◆ **TASK GOAL**
Copy down every line of the data that follows exactly. Omit the pictures.

◆ **DATA BLOCK**
--

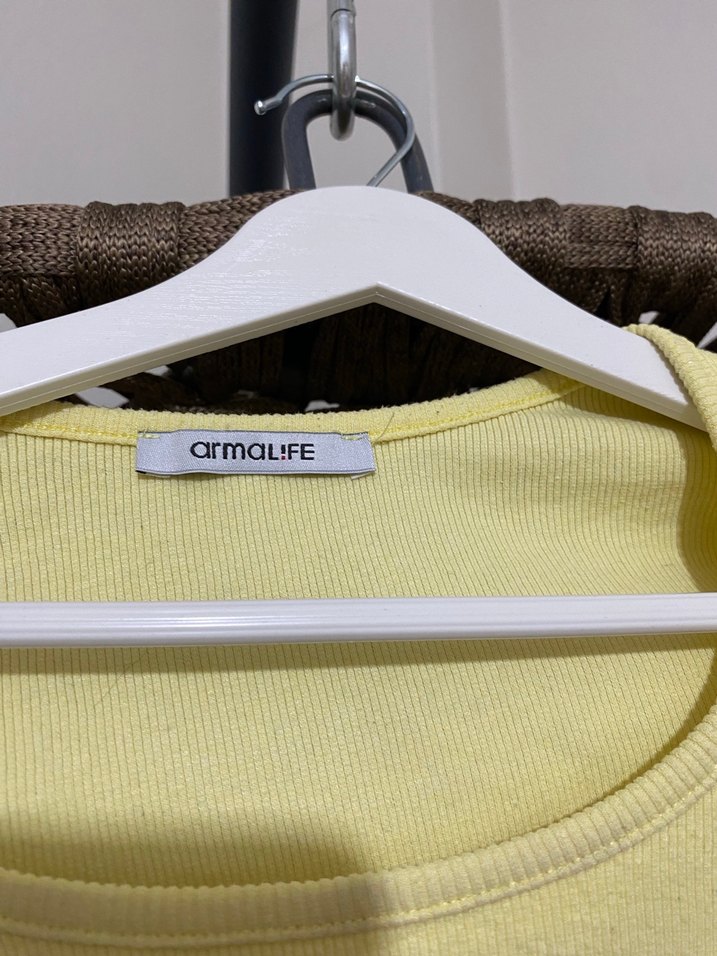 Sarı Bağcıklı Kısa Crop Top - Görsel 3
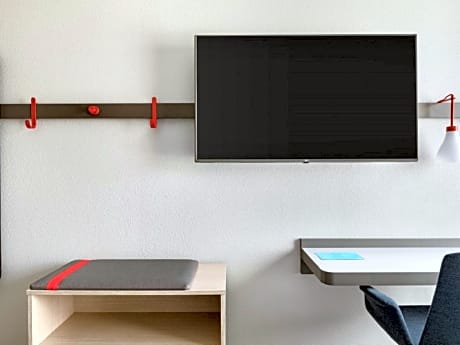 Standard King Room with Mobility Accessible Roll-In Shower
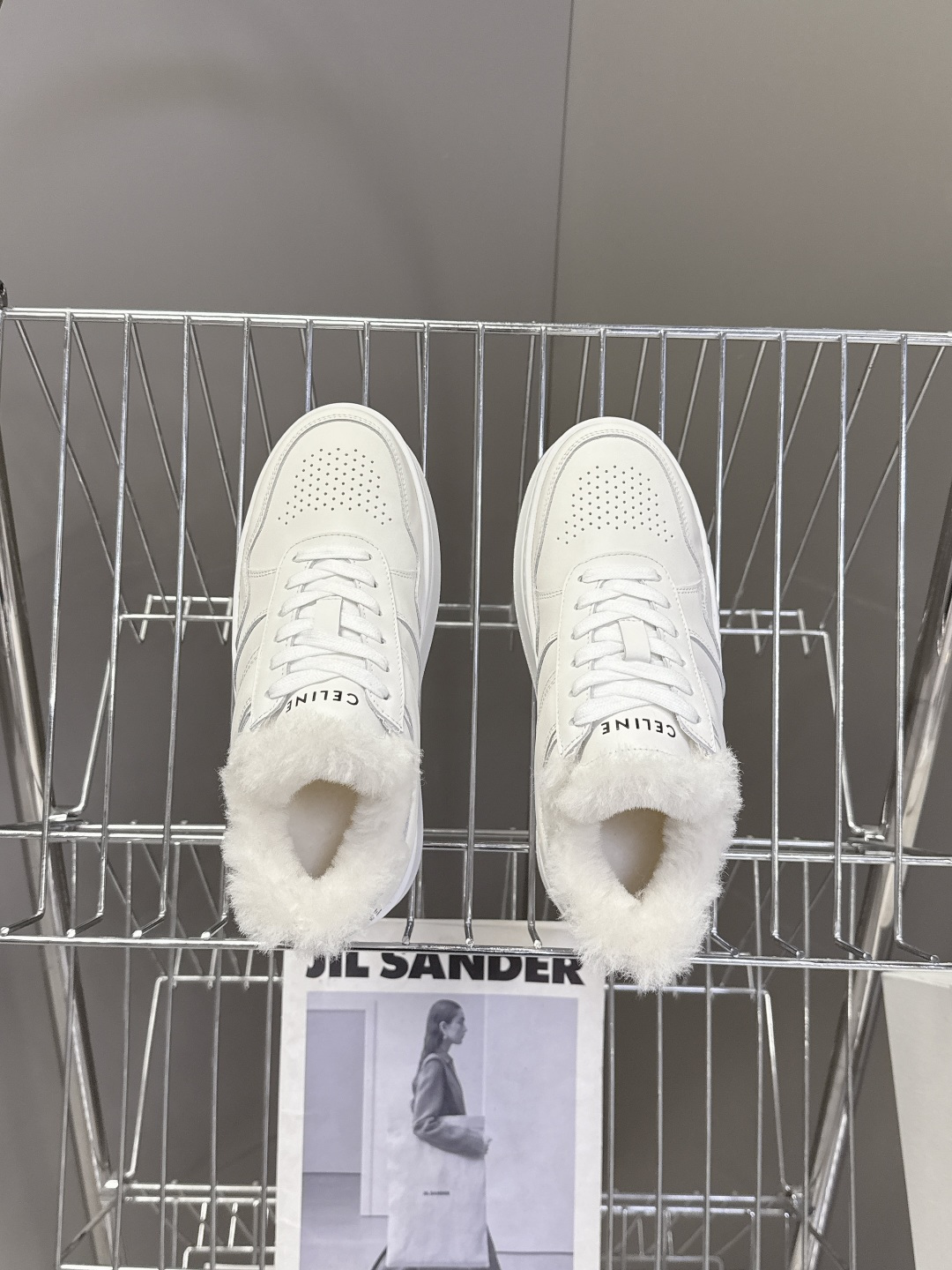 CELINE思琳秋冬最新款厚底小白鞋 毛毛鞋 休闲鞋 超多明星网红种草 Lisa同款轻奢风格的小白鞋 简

--

◆ **SOLUTION BELOW**
 Sarı Bağcıklı Kısa Crop Top - Görsel 3
 Standard King Room with Mobility Accessible Roll-In Shower
 CELINE思琳秋冬最新款厚底小白鞋 毛毛鞋 休闲鞋 超多明星网红种草 Lisa同款轻奢风格的小白鞋 简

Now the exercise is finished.